息が詰まるくらい痛かったけど、これが時乃なりの背中の押し方。苦笑が浮かぶのを自覚しながら筑後の方へと向かう。
「はい、宮入君。かぶってみて」
筑後から手渡されたヘッドセットを身に着ける。これが俺の情報を書き出すためのセンサー部分となる。寸法も俺の頭に合わされて作られていたから、寸分のずれもなくしっかりと収まった。
「大丈夫そうかな?」
「付け心地はバッチリだな」
緊張した面持ちの筑後に笑ってみせる。どっちみち、ここから先は筑後の領域で俺は身を任せるしかない。筑後の顔にはまだ緊張が残っていたけど、硬い頬に笑みを浮かべた。

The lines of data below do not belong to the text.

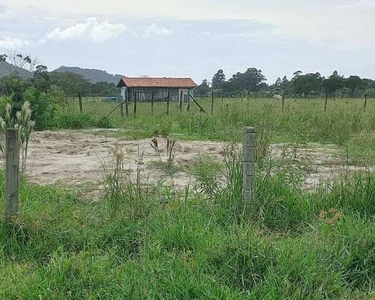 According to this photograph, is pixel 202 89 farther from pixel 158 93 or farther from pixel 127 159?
pixel 127 159

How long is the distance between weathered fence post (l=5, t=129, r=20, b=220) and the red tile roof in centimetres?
4244

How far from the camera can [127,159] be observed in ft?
25.6

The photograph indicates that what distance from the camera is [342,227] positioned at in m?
3.38

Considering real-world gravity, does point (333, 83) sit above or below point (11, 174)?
above

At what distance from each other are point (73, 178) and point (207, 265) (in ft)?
12.5

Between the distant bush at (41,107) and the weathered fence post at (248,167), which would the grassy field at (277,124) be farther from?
the weathered fence post at (248,167)

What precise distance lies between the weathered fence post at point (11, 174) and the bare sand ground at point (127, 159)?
1.50 metres

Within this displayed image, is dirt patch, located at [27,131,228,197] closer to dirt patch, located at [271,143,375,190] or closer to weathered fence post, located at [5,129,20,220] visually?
dirt patch, located at [271,143,375,190]

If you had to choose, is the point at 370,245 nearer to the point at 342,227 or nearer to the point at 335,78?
the point at 342,227

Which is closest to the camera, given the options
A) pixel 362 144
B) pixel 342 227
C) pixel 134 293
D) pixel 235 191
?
pixel 134 293

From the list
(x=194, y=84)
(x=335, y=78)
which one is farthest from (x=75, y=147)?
(x=335, y=78)

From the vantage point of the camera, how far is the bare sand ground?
588 centimetres

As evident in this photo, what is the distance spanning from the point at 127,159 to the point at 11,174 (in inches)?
168

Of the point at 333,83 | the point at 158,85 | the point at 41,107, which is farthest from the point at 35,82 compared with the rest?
the point at 333,83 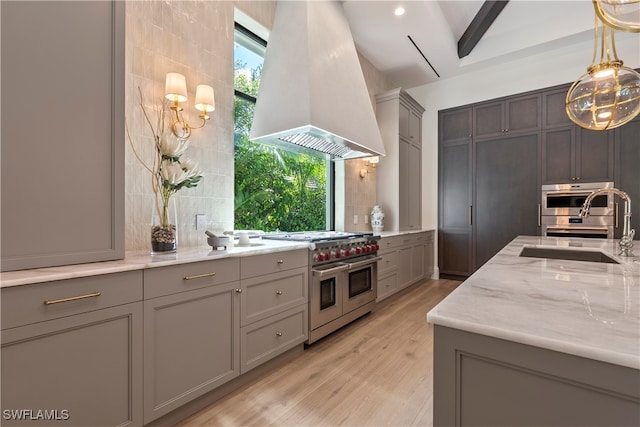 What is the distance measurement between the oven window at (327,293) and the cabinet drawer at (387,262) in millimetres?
1046

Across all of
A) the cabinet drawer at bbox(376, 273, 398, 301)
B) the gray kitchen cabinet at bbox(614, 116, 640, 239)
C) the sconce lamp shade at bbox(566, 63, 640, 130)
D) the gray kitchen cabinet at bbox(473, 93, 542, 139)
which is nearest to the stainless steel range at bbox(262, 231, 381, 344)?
the cabinet drawer at bbox(376, 273, 398, 301)

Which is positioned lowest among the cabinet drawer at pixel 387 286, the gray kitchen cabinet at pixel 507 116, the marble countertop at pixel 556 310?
the cabinet drawer at pixel 387 286

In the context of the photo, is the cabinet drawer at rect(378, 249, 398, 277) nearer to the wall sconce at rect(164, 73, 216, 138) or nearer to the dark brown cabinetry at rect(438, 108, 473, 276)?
the dark brown cabinetry at rect(438, 108, 473, 276)

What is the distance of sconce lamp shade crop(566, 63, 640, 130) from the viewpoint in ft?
6.36

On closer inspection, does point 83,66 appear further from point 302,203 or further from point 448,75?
point 448,75

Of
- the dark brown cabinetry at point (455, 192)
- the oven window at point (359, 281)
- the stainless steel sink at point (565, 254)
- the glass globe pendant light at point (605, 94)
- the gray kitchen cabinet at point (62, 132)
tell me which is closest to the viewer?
the gray kitchen cabinet at point (62, 132)

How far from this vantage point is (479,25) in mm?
4004

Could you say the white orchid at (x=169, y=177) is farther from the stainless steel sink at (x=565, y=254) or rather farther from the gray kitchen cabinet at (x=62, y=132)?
the stainless steel sink at (x=565, y=254)

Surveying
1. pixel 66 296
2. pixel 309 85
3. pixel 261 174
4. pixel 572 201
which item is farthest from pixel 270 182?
pixel 572 201

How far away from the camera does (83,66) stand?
4.67ft

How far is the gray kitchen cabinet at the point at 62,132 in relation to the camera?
1221mm

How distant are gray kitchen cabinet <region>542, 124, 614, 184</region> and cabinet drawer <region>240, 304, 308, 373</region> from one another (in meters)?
4.05

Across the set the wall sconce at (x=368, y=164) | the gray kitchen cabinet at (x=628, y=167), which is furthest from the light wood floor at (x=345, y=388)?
the gray kitchen cabinet at (x=628, y=167)

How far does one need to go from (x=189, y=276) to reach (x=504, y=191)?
4.61 meters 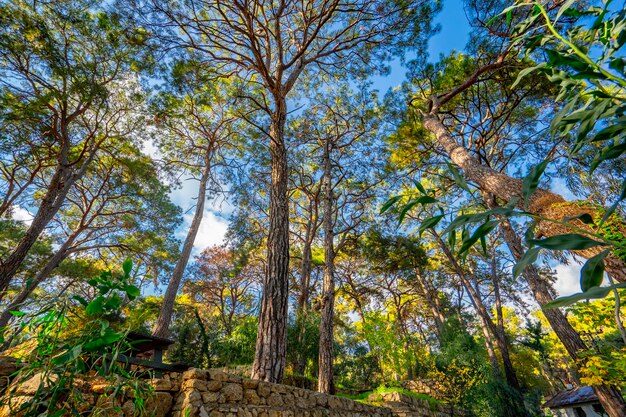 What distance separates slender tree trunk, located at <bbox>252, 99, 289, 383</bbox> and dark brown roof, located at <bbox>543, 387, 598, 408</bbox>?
16506 mm

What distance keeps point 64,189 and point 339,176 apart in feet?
24.1

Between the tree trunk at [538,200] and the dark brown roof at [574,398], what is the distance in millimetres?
14645

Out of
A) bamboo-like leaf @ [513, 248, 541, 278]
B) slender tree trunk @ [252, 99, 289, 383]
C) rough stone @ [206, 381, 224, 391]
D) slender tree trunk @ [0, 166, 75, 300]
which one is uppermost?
slender tree trunk @ [0, 166, 75, 300]

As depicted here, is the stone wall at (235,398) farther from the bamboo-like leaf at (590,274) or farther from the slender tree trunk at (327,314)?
the slender tree trunk at (327,314)

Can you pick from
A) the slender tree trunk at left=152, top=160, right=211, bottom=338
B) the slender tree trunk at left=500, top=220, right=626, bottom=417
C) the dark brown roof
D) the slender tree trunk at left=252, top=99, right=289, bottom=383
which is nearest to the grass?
the slender tree trunk at left=500, top=220, right=626, bottom=417

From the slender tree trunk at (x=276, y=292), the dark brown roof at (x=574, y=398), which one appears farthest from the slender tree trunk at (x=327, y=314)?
the dark brown roof at (x=574, y=398)

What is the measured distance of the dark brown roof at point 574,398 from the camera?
12.5 m

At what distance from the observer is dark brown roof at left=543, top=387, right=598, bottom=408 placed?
12539 mm

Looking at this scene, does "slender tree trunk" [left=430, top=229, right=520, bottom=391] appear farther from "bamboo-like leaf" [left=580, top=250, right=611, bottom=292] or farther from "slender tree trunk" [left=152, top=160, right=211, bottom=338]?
"bamboo-like leaf" [left=580, top=250, right=611, bottom=292]

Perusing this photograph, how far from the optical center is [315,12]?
249 inches

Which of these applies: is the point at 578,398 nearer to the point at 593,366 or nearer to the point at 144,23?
the point at 593,366

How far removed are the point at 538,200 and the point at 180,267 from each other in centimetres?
788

「高校の時はタイムトラベルに関するオーパーツを調査してたのに、本当にタイムマシンを作っちまうとはな」
「みんなのおかげだよ。僕一人だったこうはいかなかったし……そもそも、坂巻山の鉄砲水に巻き込まれてたかもしれないんだから」
筑後が差し出してきた手をしっかりと握りしめる。
「神崎さんは命の恩人で、僕の先生でもあるから。これが僕にできる最大限の恩返し」
「向こうの神崎にちゃんと伝えとく」
「うん。よろしくね」
「ああ、それから」
言葉を続ける俺に筑後は首を傾げた。
「悪かったな。オーパーツ研究会に入った時タイムトラベルを疑ったりして」
少しだけきょとんとしてから、筑後はふわりと笑顔を浮かべて首を左右に振った。
坂巻山で交わした約束。筑後はちゃんと果たしてくれた。だから、ここからは俺が頑張る番だ。
筑後の手を離して、深呼吸をする。この世界の俺はここで終わる。
この世界が神崎の生み出したA´の世界なら、これから向かうのはA’’の世界。
ヘッドセットが接続されたチェア型の装置に腰を下ろす。
「ありがとな。時乃、筑後」
俺の前に立つ時乃と筑後を目に焼き付ける。
「行ってらっしゃい、翔太」
時乃の声とともに装置が稼働すると、意識が吸い上げられるような浮遊感に満たされる。
次の瞬間、眩い光に包まれ、続いて闇の中に落ちていった。